These appeals coming on for judgment this day, Hon'ble Shri
Justice Satyendra Kumar Singh passed the following:
JUDGMENT
Satyendra Kumar Singh, J., Appellants have preferred these appeals under Section 374(2) of the Code of Criminal Procedure, 1973(2 of 1974) [in short Cr.P.C.] being aggrieved by the judgment dated 10.05.2019 passed by the Court of II Additional Sessions Judge, Barwah, West Nimar (MP) in ST No.433/2016, whereby appellant- Hemendra Singh and appellant Ajay have been convicted and sentenced them as follows:-
CONVICTION SENTENCE
Name of Section Act Imprisonment Fine Imprisonme
appellants nt in lieu of
fine
Ajay 376(2)(N) IPC R.I. For 10 2,000/- 4 months
(i) years
5(l)/6 POCSO - - -
Himendra 376(2)(I) IPC R.I. For 10 2,000/- 4 months
years
3/4 POCSO - - -
2. The prosecution case in brief is as follows:
(i) on 05.12.2015 minor prosecutrix aged about 15 years made a
complaint to the police to the effect that she and appellants- Hemendra 3 Cr.Appeal No.5118/2019 & 5247/2019 and Ajay all are resident of same village- Mehgaon. About four months ago, appellant- Hemendra's wife Ritu who was prosecutrix's neighbour, called the prosecutrix at her house where appellant Ajay was already present, Ritu thereafter went from there closing the door of her house from outside and then appellant- Ajay forcefully committed sexual intercourse with the prosecutrix and threatened her, if she discloses about the incident to anyone, he will defame her. After about four days of the aforesaid incident, appellant- Hemendra called the prosecutrix and he also forcefully committed sexual intercourse with her and threatening her that he knew what appellant- Ajay did with her and he will disclose about the incident to everybody. Thereafter, appellant- Ajay again committed rape upon her for 3-4 times. About two days before, prosecutrix narrated the incident to her father and then came with him to Police Station Sanawad and made oral complaint against appellants and co-accused Ritu.

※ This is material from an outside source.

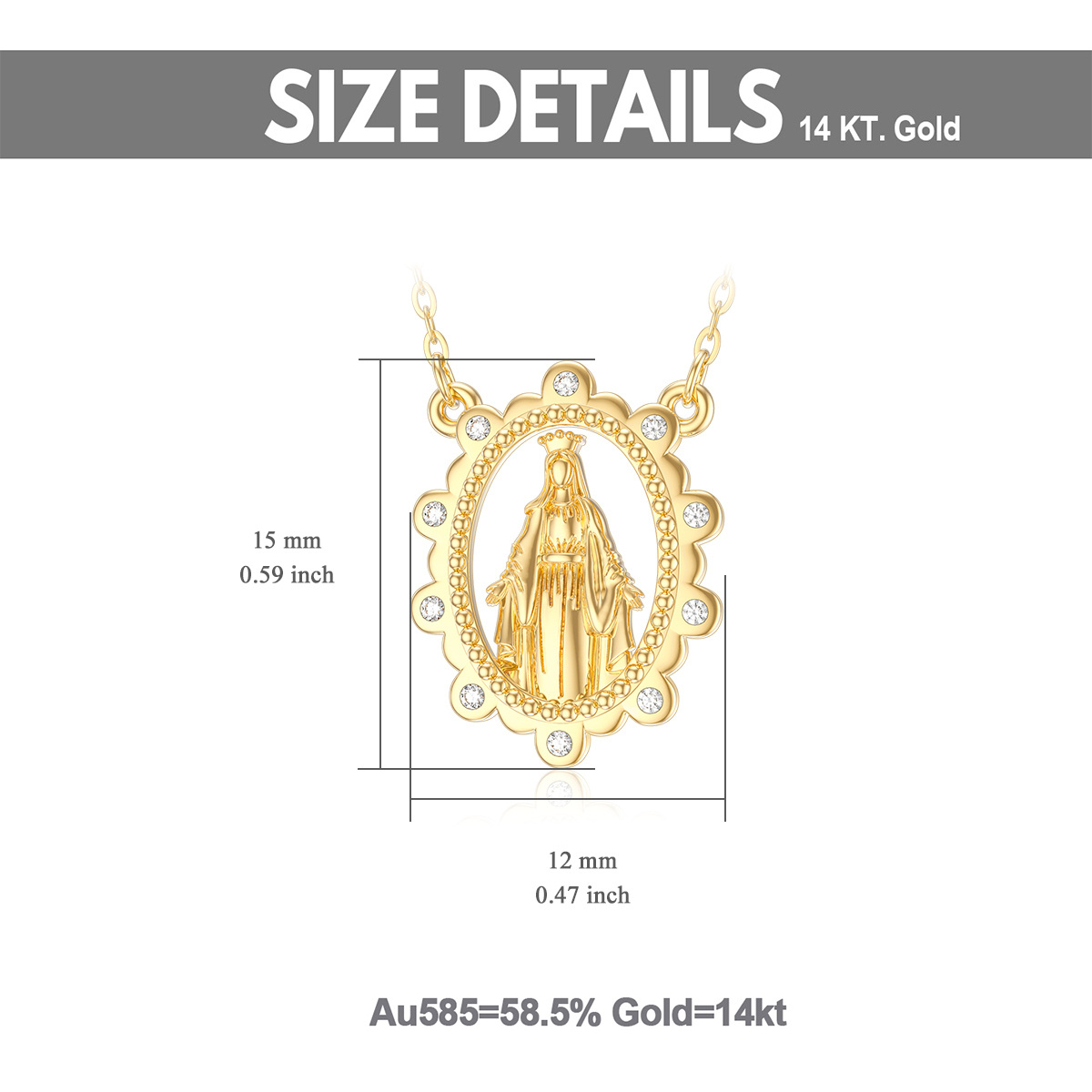 18K Gold Circular Shaped Moissanite Virgin Mary Pendant Necklace-5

(ii) SI Mikita Chouhan on the basis of aforesaid complaint lodged FIR (Ex.P-1) against the appellants and co-accused Ritu at Police Station Sanawad, Khargone, recorded the statement of the prosecutrix as well as her parents. Vide letter (Ex.P-6), she sent the prosecutrix to Civil Hospital, Sanawad for medical examination where Dr. Hansa Patidar medically examined her and prepared MLC report (Ex.P-6). She 4 Cr.Appeal No.5118/2019 & 5247/2019 collected and preserved prosecutrix's vaginal slide and sealed the same alongwith her pubic hair and under garments.
(iii) ASI Sanjeev Patil went to the place of incident and prepared spot map (Ex.P-3), seized the scholar register of Baba Ambedkar Mandir School, Bhogva Sipani with regard to age of the prosecutrix as per seizure memo (Ex.P-5). He arrested appellant Ajay as per arrest memo (Ex.P-7) and vide letter (Ex.P-8) sent him to Civil Hospital, Sanawad for medical examination where Dr. Abhishek Mukati examined him and prepared MLC report. He collected and preserved his semen slide and sealed the same alongwith his under garments.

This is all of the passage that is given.